> _What you will do_
Whatever lines the data contains, output all of them unchanged.

Start of Supplied material

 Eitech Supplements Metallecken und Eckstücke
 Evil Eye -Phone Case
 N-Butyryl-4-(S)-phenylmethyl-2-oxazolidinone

End of Supplied material

> _Exercise answer_
 Eitech Supplements Metallecken und Eckstücke
 Evil Eye -Phone Case
 N-Butyryl-4-(S)-phenylmethyl-2-oxazolidinone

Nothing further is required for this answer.